5 Signs You Need To Update Your Bathroom
Know when to repair or give your T&B a makeover with these insights from architect Allen Oblena
We’re all guilty of one thing—as long as we can still use a thing or a space on a daily basis, we assume that it’s in a hundred percent good working condition. Take for example any appliance at home—how often do you have your refrigerator or AC unit checked?
The same rule applies to the areas in your house. It’s best to check if pipes are working perfectly, that your faucets don’t have leaks, and that there are no little damages that can balloon into bigger problems. If you have time to spare, you may want to inspect your T&B to see if repairs or upgrades are in order. Be guided by architect Allen Oblena’s tips below:
The tiles are damaged.
"Damage can be attributed to neglect, wear and tear, and improper installation. There are some tiles that get discolored due to low quality or reactions to certain cleaning agents," Allen shares.

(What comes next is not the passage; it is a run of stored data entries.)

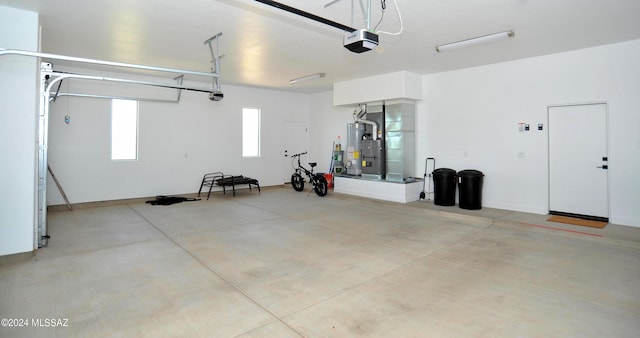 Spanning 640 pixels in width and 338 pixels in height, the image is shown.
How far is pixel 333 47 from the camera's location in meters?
5.48

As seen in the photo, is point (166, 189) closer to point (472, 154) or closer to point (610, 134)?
point (472, 154)

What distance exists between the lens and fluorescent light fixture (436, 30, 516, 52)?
465 cm

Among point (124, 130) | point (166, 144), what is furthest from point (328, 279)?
point (124, 130)

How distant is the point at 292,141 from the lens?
408 inches

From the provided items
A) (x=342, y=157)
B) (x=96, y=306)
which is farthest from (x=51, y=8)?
(x=342, y=157)

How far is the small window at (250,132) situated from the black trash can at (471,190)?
18.9ft

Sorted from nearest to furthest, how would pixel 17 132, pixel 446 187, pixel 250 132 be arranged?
pixel 17 132, pixel 446 187, pixel 250 132

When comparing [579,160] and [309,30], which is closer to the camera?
[309,30]

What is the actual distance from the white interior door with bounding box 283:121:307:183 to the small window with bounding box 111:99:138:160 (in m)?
4.17

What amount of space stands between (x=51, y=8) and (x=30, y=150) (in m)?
1.74

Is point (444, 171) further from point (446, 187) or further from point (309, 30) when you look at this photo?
point (309, 30)

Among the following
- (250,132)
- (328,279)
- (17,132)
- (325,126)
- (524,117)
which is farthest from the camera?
(325,126)

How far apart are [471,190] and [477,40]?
2823 mm

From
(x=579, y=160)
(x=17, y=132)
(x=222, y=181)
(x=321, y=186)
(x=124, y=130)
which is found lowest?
(x=321, y=186)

The design of your T&B is outdated.
"Some old tiles are way too decorative and may seem outdated for one's preference. If the design of the tiles clashes with the overall design of a home, this could be a valid reason for retiling," the architect explains. See if you can update your accessories and decor in the bathroom as well. Consider getting a new shower curtain, trash bin, or bringing in plants as accents to create a calming vibe.
Your bathroom is no longer safe.
Accidents are inevitable in the bathroom—especially if you have slippery tiles. "For safety reasons, matte-finished, non-skid tiles are often used as floor tiles," says Allen.
The grout is dirty and doesn't add to the aesthetic you're aiming for.
"Regrouting can be done after a year or two. It's advisable to apply a top coat of sealer on newly applied grout."
You have rusty bathroom fixtures.
"Fixtures suffer from discoloration due to chemicals and hard water, although this may not affect the function. Mechanical parts, however, are the ones that take heavy beating. A good fixture may last seven to fifteen years, some even longer. New fixtures are now designed to save water, space, and provide more comfort," Allen explains.